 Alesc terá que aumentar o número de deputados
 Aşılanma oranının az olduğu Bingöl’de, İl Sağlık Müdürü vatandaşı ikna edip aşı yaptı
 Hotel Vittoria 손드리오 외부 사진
···
**What you have to do:** Copy the data above. Keep each line exact.

**Result of this task:**
 Alesc terá que aumentar o número de deputados
 Aşılanma oranının az olduğu Bingöl’de, İl Sağlık Müdürü vatandaşı ikna edip aşı yaptı
 Hotel Vittoria 손드리오 외부 사진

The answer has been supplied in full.